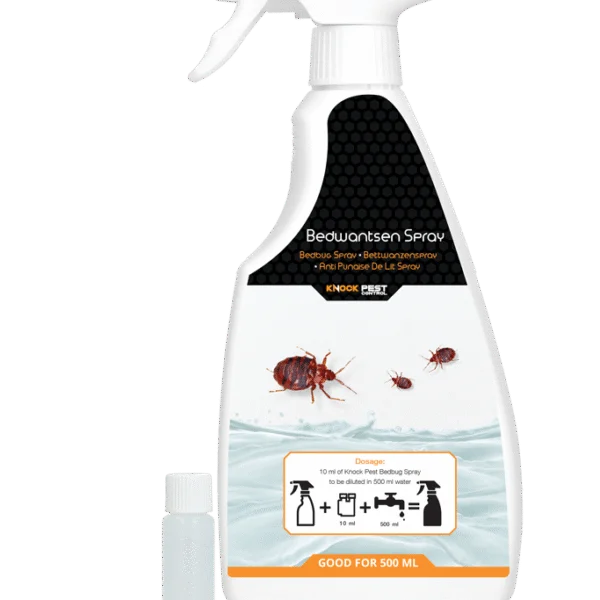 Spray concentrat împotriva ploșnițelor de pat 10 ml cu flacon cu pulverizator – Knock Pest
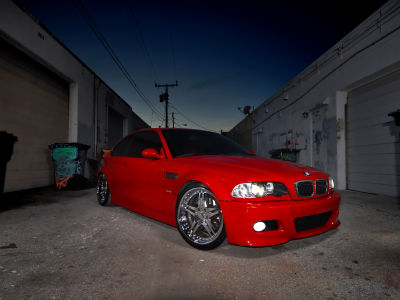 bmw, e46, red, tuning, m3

...

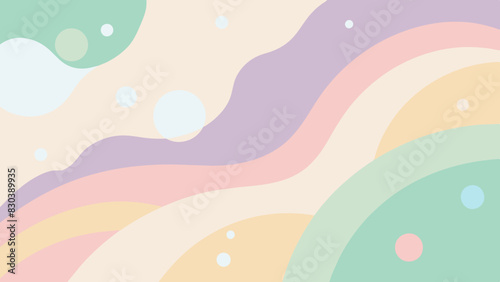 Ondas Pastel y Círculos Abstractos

* * *

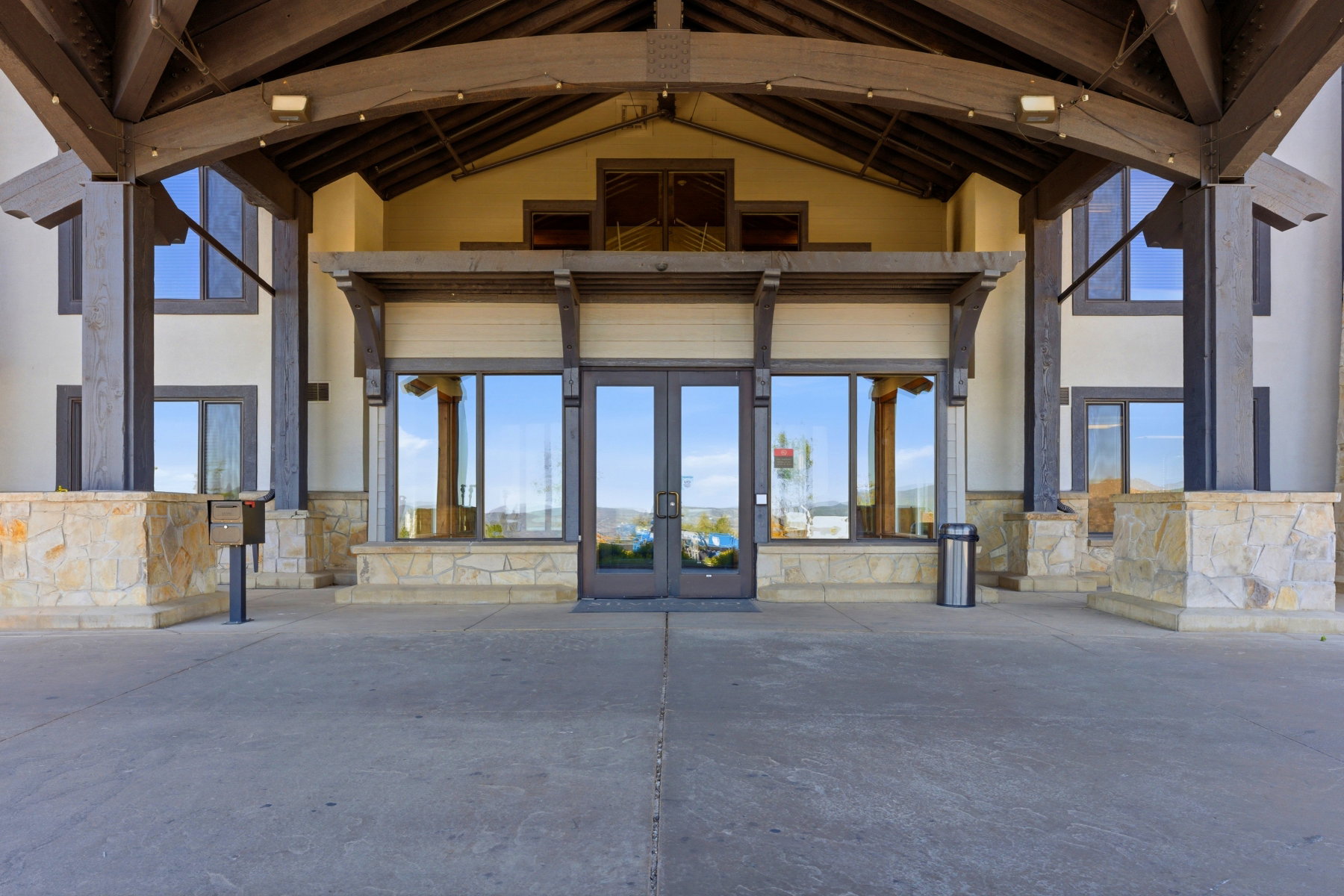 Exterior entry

- AIM OF THE TASK
Print the line above containing "Spray concentrat împotriva", the line containing "bmw, e46, red, tuning, m3", and everything between them, exactly as written. Pictures stay out.

- RESPONSE TO THE TASK
 Spray concentrat împotriva ploșnițelor de pat 10 ml cu flacon cu pulverizator – Knock Pest
 bmw, e46, red, tuning, m3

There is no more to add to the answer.